On comprend donc très bien pourquoi le pouvoir n’a pas voulu juger Biram sur « l’autre affaire », c’est-à-dire, l’incinération des livres du rite malékite et rapprocher son cas de celui d’Ould M’Khaytir. Cela lui aurait créé une situation inextricable à l’extérieur du pays avec un homme dont le réseau de relations va de la France aux Etats-Unis en passant par l’Italie, l’Allemagne et la Belgique. Rien à voir avec un Ould M’Khaytir, surgi du néant pour venir alimenter un débat (celui des inégalités sociales en Mauritanie) qui divise depuis la nuit des temps.

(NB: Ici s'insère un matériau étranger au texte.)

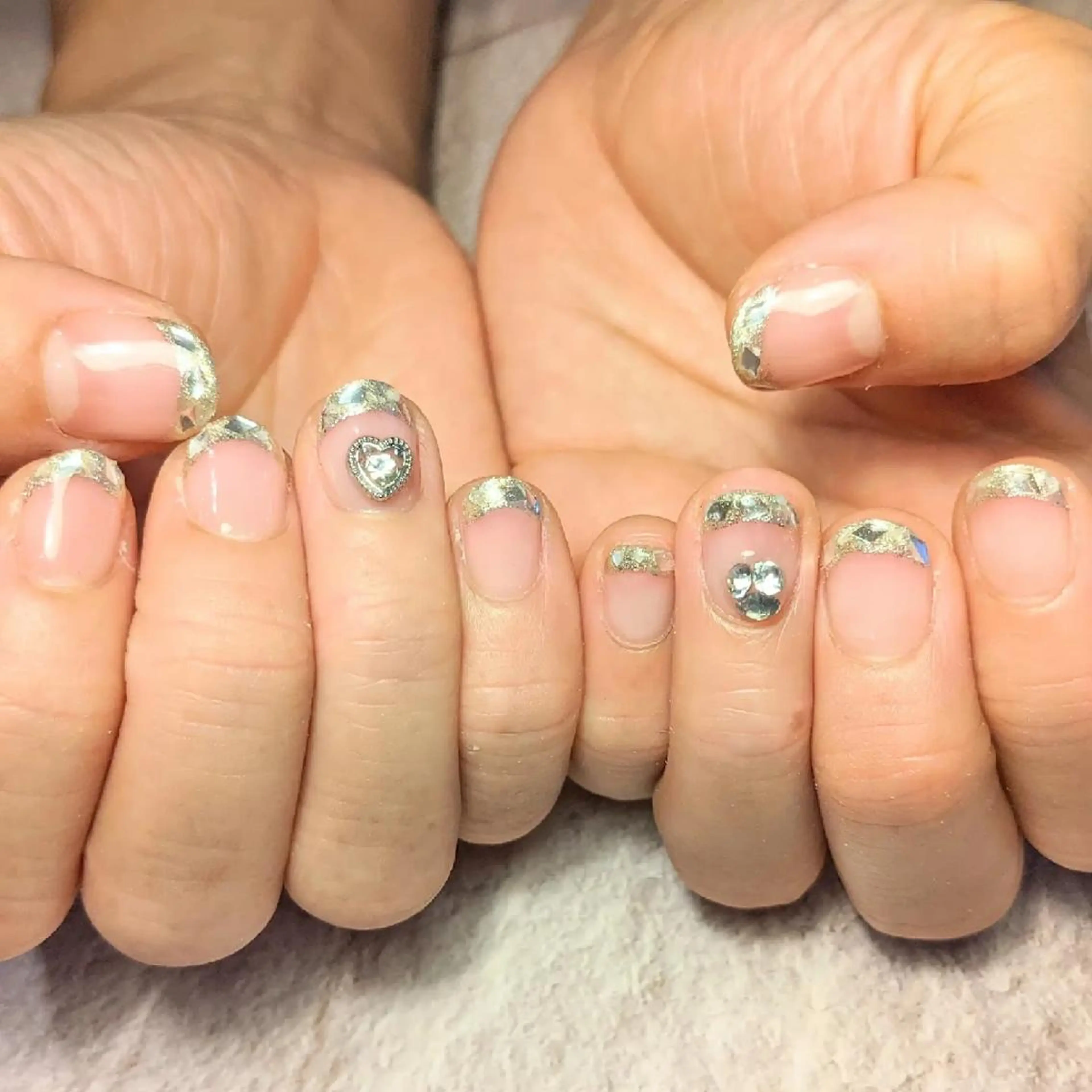 ネイル ｱｲﾗｯｼｭ ﾈｲﾙ ｻﾛﾝ つけるのマツエク・マツパデザイン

Car il ne faut pas croire que cette affaire est seulement d’essence religieuse. La chari’a, au nom de laquelle on condamne Ould M’Khaytir, n’est pas appliquée dans tous les cas. Allah recommande de ne pas tuer, de ne pas voler, de ne pas boire du vin, de s’éloigner de l’adultère et du mensonge. Et pourtant, le meurtre, le vol, le viol et la fornication alimentent les pages « faits divers » des journaux en Mauritanie. Pour certains de ces crimes, la chari’a exige la peine de mort, mais l’on feint de l’ignorer en appliquant plutôt la loi des hommes.